Reputation: 15420
I am making share a link feature like facebook. Currently I am parsing meta tags to get keywords, descriptions e.t.c but how to parse these type of pages http://en.wikipedia.org/wiki/Wikipedia There is no meta description for this page but facebook still fetches the following description: Wikipedia ( /ˌwɪkɪˈpiːdi.ə/ or /ˌwɪkiˈpiːdi.ə/ WIK-i-PEE-dee-ə) is a free,[3]web-based, collaborative, multilingual encyclopedia project supported by the non-profit Wikimedia Foundation. Its 17 million articles (over 3.4 million in English) have been written collaboratively by volunteers around the
How can I extract such description if there is no meta description tag found on the page.
Upvotes: 2
Views: 1460
Reputation: 1552
Amazon faces a similar problem, and has a fairly novel solution. Obviously, it's not perfect, but by marrying it to the idea that Bing uses, I'd bet you could get some pretty solid and interesting keyword tags auto-generated to go with the inherently more suspect description.
So it'd look like:
Description from meta
Interesting Sentences according to bing\google
STP as tags, with hover-over for context.
I think that, in all likelyhood, this is like nuking a fly.

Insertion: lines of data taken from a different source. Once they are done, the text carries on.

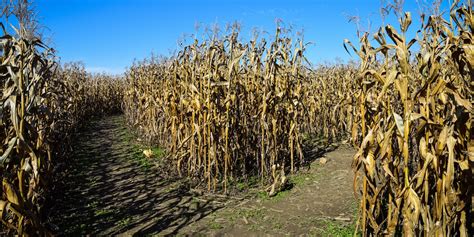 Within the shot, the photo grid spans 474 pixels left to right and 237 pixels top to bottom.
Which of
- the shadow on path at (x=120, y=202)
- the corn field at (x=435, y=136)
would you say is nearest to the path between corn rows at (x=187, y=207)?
the shadow on path at (x=120, y=202)

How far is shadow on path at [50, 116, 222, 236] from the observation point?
4.49 metres

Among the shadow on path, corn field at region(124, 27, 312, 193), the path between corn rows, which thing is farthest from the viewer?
corn field at region(124, 27, 312, 193)

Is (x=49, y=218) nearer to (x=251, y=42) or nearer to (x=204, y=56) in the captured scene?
(x=204, y=56)

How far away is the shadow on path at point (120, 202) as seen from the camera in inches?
177

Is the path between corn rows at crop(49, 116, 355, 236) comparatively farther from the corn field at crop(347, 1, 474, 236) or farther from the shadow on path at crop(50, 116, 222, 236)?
the corn field at crop(347, 1, 474, 236)

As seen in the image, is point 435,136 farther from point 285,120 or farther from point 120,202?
point 120,202

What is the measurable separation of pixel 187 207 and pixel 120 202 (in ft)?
3.76

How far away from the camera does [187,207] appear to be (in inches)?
202

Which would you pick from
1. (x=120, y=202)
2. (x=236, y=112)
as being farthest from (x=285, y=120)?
(x=120, y=202)

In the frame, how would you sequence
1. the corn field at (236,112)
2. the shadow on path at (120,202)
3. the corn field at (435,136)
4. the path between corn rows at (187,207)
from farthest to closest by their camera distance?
the corn field at (236,112)
the shadow on path at (120,202)
the path between corn rows at (187,207)
the corn field at (435,136)

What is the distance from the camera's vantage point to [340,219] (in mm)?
4426

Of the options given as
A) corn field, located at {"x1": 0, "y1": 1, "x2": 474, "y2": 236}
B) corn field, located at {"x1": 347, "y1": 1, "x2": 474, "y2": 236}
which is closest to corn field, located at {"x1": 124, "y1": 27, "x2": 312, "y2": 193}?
corn field, located at {"x1": 0, "y1": 1, "x2": 474, "y2": 236}

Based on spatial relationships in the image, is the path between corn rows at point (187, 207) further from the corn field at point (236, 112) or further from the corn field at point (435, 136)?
the corn field at point (435, 136)

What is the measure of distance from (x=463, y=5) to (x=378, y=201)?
189 centimetres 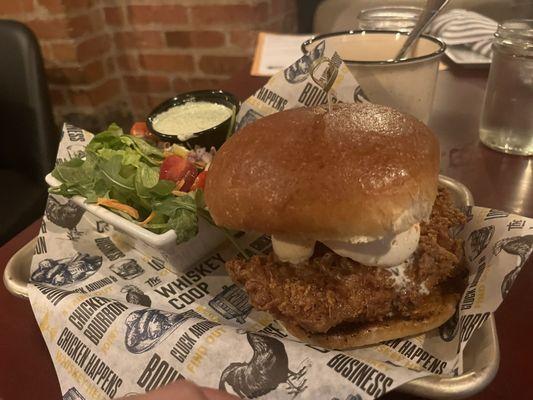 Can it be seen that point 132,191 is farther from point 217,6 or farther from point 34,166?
point 217,6

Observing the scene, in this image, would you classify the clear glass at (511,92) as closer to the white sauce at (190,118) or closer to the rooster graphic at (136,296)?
the white sauce at (190,118)

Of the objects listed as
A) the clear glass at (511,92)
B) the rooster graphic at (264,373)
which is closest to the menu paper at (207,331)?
the rooster graphic at (264,373)

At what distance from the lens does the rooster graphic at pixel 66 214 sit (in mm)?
1206

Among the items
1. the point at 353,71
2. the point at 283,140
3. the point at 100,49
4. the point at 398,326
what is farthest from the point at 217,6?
the point at 398,326

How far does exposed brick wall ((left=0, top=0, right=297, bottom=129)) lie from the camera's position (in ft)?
8.44

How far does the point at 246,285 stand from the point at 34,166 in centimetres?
148

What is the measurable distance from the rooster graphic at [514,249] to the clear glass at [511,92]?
56cm

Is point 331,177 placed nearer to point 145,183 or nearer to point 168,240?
point 168,240

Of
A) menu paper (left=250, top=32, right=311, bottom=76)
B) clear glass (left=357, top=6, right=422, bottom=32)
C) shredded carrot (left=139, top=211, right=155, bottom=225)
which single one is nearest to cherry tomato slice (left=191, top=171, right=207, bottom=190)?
shredded carrot (left=139, top=211, right=155, bottom=225)

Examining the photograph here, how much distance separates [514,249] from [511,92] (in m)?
0.63

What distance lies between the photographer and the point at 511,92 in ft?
4.36

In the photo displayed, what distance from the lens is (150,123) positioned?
4.80 ft

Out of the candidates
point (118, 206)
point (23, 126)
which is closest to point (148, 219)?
point (118, 206)

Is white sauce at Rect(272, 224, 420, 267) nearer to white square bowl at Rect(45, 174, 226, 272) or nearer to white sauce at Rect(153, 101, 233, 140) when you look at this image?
white square bowl at Rect(45, 174, 226, 272) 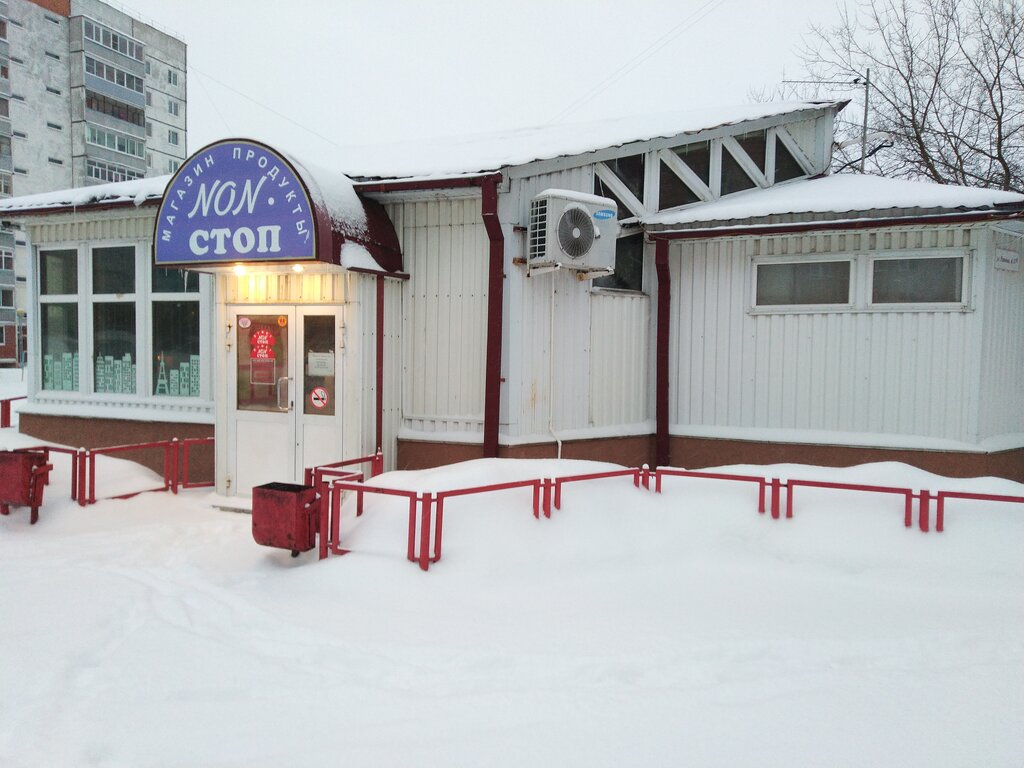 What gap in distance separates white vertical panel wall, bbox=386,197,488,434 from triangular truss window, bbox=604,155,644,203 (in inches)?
73.3

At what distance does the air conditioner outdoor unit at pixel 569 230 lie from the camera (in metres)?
7.31

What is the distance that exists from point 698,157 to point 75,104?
55758mm

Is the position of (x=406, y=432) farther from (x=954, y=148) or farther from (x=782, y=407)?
(x=954, y=148)

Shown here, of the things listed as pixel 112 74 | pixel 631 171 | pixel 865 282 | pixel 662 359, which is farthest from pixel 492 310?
pixel 112 74

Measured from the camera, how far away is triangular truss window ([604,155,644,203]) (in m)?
8.59

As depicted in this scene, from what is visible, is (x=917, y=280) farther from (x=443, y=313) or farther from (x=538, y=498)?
(x=443, y=313)

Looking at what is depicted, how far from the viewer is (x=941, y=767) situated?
132 inches

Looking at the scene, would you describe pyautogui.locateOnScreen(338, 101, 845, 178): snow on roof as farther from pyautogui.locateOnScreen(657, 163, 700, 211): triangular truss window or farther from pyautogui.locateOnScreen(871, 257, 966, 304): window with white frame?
pyautogui.locateOnScreen(871, 257, 966, 304): window with white frame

It'd oversolve your problem to a ridiculous degree.
Upvotes: 1
Reputation: 9391
If you want to create a program that gives you a good description of an arbitrary website, you'll have to do nothing less than a full fledged KI, which would possibly even pass a Turing test. So short answer: You can't.
If you are willing to pay a human intelligence to write a summary about a webpage for you, google for "Microjobs". You can create an automated Job description like "Write a two sentence summary about webpage XY" and put some cents of value behind it.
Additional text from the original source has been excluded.